Now, it seems to be claimed by petitioner’s counsel that, only in cases expressly specified in § 2818, already discussed, and in cases covered by § 2815, can a “testamentary trustee” be required by the Surrogate to give bonds, and it is insisted that the term “testamentary trustee,” as used in the latter section, is not limited in its meaning to trustees appointed by the will of a testator, but includes, also, any successor' to such trustees who may be appointed by the Surrogate. In support of the latter conten*232tion, counsel refers to § 2514, which declares that, with certain exceptions, the expression “ testamentary trustee,” wherever it is used in the 18th chapter of the Code, shall be held to include “ every person who is designated by a will, or by any competent authority, to execute a trust created by a will.” The same section, however, provides that such rule of interpretation shall not be observed “ where a contrary intent is expressly declared in the provision to be construed, or is plainly apparent from the context thereof.”

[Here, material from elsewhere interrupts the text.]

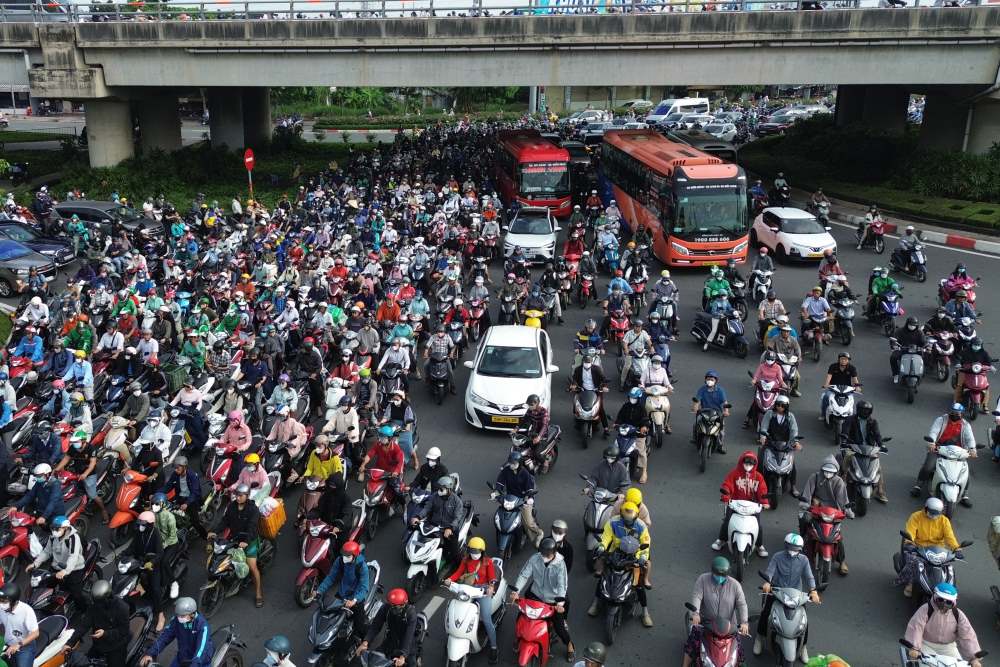 Ùn tắc nghiêm trọng tại ngã tư Bình Triệu khi nhiều dòng xe đổ dồn cùng lúc. Ảnh: Ngọc Ánh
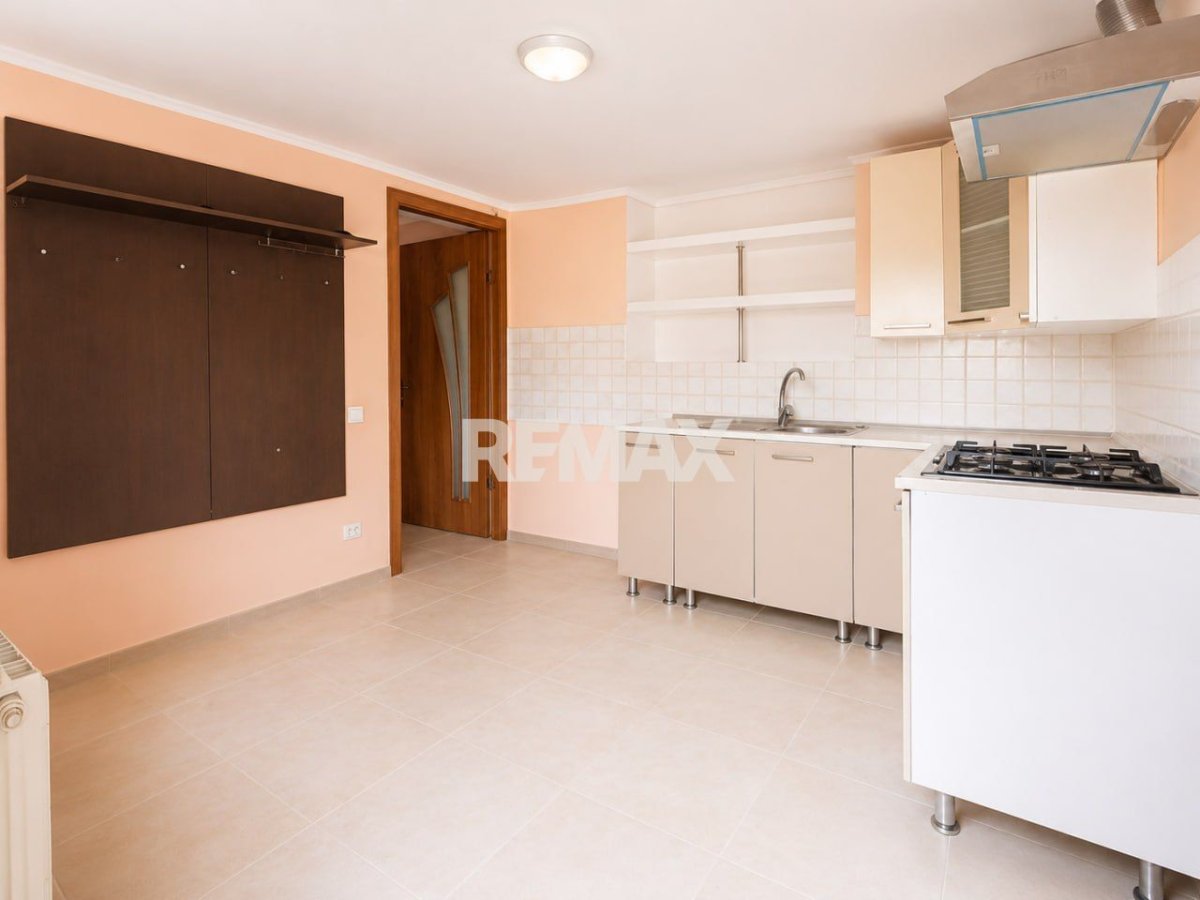 95.000 EUR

From a careful examination of the context, it is, I think, “plainly apparent” that the term testamentary trustee, as used in § 2815, means a trustee named in the will, and no other. This is strongly indicated by the close similarity which exists, throughout the 18th chapter, between the provisions that relate to executors and those that relate to testamentary trustees. That policy of the law which, only under special circumstances, permits the exaction of a bond from executors before granting them letters testamentary, would naturally require that similar restrictions be placed upon the Surrogate’s authority to impose, upon testamentary trustees selected by the testator himself, the burden of giving security.
That policy, on the other hand, could not be extended to the successors of such trustees with any more propriety than to administrators with the will annexed, which latter class of officers have always been required to give bonds. The Code says, in effect, considering its various provisions as a whole, that persons named as executors in a will are entitled *233to letters testamentary without giving bond, unless, when their right thereto is challenged, it appears that they reside out of the State, or that their circumstances do not afford adequate security for their due administration of the estate (§§ 2685, 2686, 2687). And it substantially says, also, that persons named as trustees in a will are entitled to exercise the functions of their office without security, subject only to the same limitations that are established in the case of executors (§§ 2815, 2816, 2817).
As to the successors of such trustees, however, I am convinced that the Surrogate, may, in all cases, lawfully require security at the time of their appointment. It must be furnished in the case at bar.